Despite widespread objections from the money management industry, President Trump, through the US Department of Labor led by Eugene Scalia, is speeding ahead with a proposal to make it more difficult for fiduciaries of retirement plans to direct money to ESG-focused funds.
The Employee Benefits Security Administration submitted the rule change, called “Financial Factors in Selecting Plan Investments,” to the White House last week. The administration’s stance is that ESG (Environmental, Social, and Governance) investment strategies sacrifice returns and promote goals unrelated to financial performance. It wants to adjust the Employee Retirement Income Security Act of 1974 (ERISA) to require those overseeing pension and 401(k) plans to always put economic interests ahead of so-called non-pecuniary goals, in what seems intended as a direct attack on ESG and green investing.
More than 130 fund management and financial advisory firms have written letters opposing the plan since it surfaced in June. And the complaints keep coming.
“You can’t simply disentangle ESG from the risk-and-return analysis in a 21st century investment process,” said Jonathan Bailey, head of ESG (Investing) at Neuberger Berman Group LLC.
The government is “moving at warp speed” to push through the rule, said Bryan McGannon, director of policy and programs at US SIF, a Washington-based group that supports sustainable investment businesses. It typically takes 18 months, not four-and-a-half months, for an “impactful” rule change like this one, he said, adding the administration may be violating the Administrative Procedure Act in the attempt.
“It’s clear the Labor Department is not taking the public-comment process seriously,” McGannon said. “Our letter alone had six or seven studies that contested the underlying arguments. Across the financial services world, from huge asset managers to small sustainable-investment firms, there has been enormous opposition.”
The proposal, if enacted, would almost certainly be challenged in court. Moreover, if former vice president Joe Biden wins the Nov. 3 election, it’s equally likely his administration would seek to undo such a change. Last month, another effort by Scalia to speed through rule changes under the Fair Labor Standards Act was partly overturned by a Manhattan federal court for — you guessed it — violating the Administrative Procedure Act.
“Not sure how they’re bracing for similar fallout from the ERISA change, or maybe officials there don’t even care,” McGannon said.
Jon Hale, director of ESG research for the Americas at Chicago-based Morningstar Inc., said the proposed rule is so “shoddily constructed” that it’s unlikely to withstand legal scrutiny.
“It has significant implications for the retirement savings of millions of Americans, yet the DOL saw fit to allow only the shortest possible time for comment and now seeks to finalize it before the current administration gets tossed out of office,” Hale said. “In a normal process, such overwhelming opposition would send regulators back to the drawing board.”

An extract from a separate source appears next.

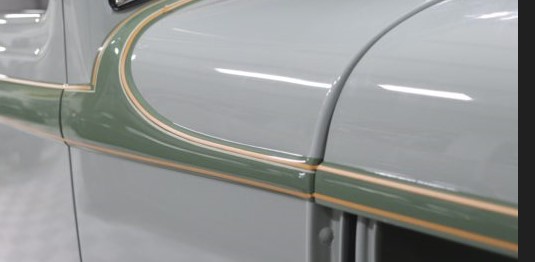3 accent pin hood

The Labor Department’s decision to undermine ESG investing emerged after the White House called for a review of retirement plans' investments in the energy sector. It’s no secret that the fossil-fuel industry has been a critical supporter of Trump, who has called the globally accepted science behind global warming a “hoax.”
Investors have been increasing their bets on ESG, in part because they want to avoid polluters like Big Oil. About $20 billion flowed into ESG- and values-focused exchange-traded funds this year (as of Sept. 30), exceeding the calendar-year record of $9.2 billion set in 2019, data compiled by Bloomberg Intelligence show.

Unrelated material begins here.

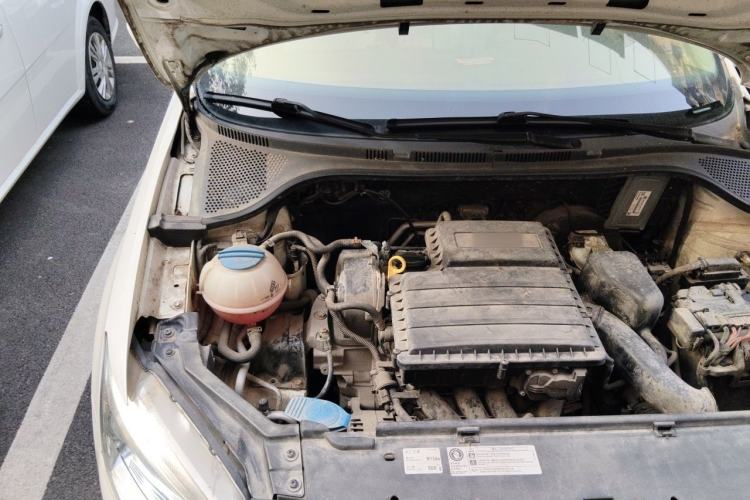 Used Volkswagen Santana 2013 1.6L Automatic Fashion Edition Engine Bay Right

Climate change ranks right behind corruption among the biggest ESG-related concerns for investors, according to a survey of about 800 fund industry officials and consultants by RBC Global Asset Management.
But America lags behind the rest of the world when it comes to putting ESG to work financially. While 94 percent of respondents in Europe, 89 percent in Canada, and 72 percent in Asia said they have incorporated ESG into their investment approach, only 65 percent of US investors have done so.
Despite the growing global consensus that ESG makes financial sense, some 26 percent of American investors still think ESG-integrated portfolios will perform worse than non-ESG-integrated portfolios. Worldwide, only 16 percent of investors think that way.
The bottom line, Neuberger & Berman’s Bailey said, is “focusing on material ESG factors that have an economic impact on companies is directly aligned with the best interests of shareholders.”